- _DATA RECORDS_:
========================================================================

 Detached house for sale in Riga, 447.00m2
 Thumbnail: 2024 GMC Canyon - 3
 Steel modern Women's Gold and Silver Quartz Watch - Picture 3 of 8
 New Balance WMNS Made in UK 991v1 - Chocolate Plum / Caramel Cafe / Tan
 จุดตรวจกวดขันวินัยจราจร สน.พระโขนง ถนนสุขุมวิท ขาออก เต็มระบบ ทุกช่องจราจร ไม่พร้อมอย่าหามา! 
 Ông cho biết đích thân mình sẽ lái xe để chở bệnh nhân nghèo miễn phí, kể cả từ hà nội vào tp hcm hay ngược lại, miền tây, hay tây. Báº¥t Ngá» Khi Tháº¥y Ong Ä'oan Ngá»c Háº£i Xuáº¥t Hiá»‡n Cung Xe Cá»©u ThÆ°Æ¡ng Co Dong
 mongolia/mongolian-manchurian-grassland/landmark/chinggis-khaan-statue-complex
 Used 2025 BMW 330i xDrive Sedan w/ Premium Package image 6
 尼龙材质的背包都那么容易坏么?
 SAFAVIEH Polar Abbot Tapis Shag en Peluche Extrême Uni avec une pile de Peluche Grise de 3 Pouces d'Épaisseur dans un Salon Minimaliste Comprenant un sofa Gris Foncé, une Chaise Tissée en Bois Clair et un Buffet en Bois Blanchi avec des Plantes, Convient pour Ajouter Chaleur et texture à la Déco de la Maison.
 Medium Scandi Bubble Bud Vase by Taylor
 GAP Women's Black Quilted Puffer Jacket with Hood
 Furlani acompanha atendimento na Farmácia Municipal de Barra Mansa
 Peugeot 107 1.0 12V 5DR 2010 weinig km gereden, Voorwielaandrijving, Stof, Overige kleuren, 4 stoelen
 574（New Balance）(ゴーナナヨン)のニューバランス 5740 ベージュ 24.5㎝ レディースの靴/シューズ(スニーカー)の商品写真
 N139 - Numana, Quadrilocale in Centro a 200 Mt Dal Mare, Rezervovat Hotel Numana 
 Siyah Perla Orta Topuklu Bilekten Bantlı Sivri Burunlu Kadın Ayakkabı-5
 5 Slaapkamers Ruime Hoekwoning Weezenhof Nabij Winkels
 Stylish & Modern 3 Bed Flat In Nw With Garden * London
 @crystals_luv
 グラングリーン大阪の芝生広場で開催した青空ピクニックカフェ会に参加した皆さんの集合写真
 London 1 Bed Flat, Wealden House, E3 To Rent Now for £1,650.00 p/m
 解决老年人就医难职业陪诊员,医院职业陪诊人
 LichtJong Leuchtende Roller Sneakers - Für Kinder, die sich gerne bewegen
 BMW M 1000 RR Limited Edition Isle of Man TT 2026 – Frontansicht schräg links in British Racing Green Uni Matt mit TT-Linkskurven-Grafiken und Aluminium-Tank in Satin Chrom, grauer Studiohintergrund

========================================================================

- _EXERCISE REQUIREMENTS_:
Restate every record verbatim.

- _SOLUTION TO THIS PROBLEM_:
 Detached house for sale in Riga, 447.00m2
 Thumbnail: 2024 GMC Canyon - 3
 Steel modern Women's Gold and Silver Quartz Watch - Picture 3 of 8
 New Balance WMNS Made in UK 991v1 - Chocolate Plum / Caramel Cafe / Tan
 จุดตรวจกวดขันวินัยจราจร สน.พระโขนง ถนนสุขุมวิท ขาออก เต็มระบบ ทุกช่องจราจร ไม่พร้อมอย่าหามา! 
 Ông cho biết đích thân mình sẽ lái xe để chở bệnh nhân nghèo miễn phí, kể cả từ hà nội vào tp hcm hay ngược lại, miền tây, hay tây. Báº¥t Ngá» Khi Tháº¥y Ong Ä'oan Ngá»c Háº£i Xuáº¥t Hiá»‡n Cung Xe Cá»©u ThÆ°Æ¡ng Co Dong
 mongolia/mongolian-manchurian-grassland/landmark/chinggis-khaan-statue-complex
 Used 2025 BMW 330i xDrive Sedan w/ Premium Package image 6
 尼龙材质的背包都那么容易坏么?
 SAFAVIEH Polar Abbot Tapis Shag en Peluche Extrême Uni avec une pile de Peluche Grise de 3 Pouces d'Épaisseur dans un Salon Minimaliste Comprenant un sofa Gris Foncé, une Chaise Tissée en Bois Clair et un Buffet en Bois Blanchi avec des Plantes, Convient pour Ajouter Chaleur et texture à la Déco de la Maison.
 Medium Scandi Bubble Bud Vase by Taylor
 GAP Women's Black Quilted Puffer Jacket with Hood
 Furlani acompanha atendimento na Farmácia Municipal de Barra Mansa
 Peugeot 107 1.0 12V 5DR 2010 weinig km gereden, Voorwielaandrijving, Stof, Overige kleuren, 4 stoelen
 574（New Balance）(ゴーナナヨン)のニューバランス 5740 ベージュ 24.5㎝ レディースの靴/シューズ(スニーカー)の商品写真
 N139 - Numana, Quadrilocale in Centro a 200 Mt Dal Mare, Rezervovat Hotel Numana 
 Siyah Perla Orta Topuklu Bilekten Bantlı Sivri Burunlu Kadın Ayakkabı-5
 5 Slaapkamers Ruime Hoekwoning Weezenhof Nabij Winkels
 Stylish & Modern 3 Bed Flat In Nw With Garden * London
 @crystals_luv
 グラングリーン大阪の芝生広場で開催した青空ピクニックカフェ会に参加した皆さんの集合写真
 London 1 Bed Flat, Wealden House, E3 To Rent Now for £1,650.00 p/m
 解决老年人就医难职业陪诊员,医院职业陪诊人
 LichtJong Leuchtende Roller Sneakers - Für Kinder, die sich gerne bewegen
 BMW M 1000 RR Limited Edition Isle of Man TT 2026 – Frontansicht schräg links in British Racing Green Uni Matt mit TT-Linkskurven-Grafiken und Aluminium-Tank in Satin Chrom, grauer Studiohintergrund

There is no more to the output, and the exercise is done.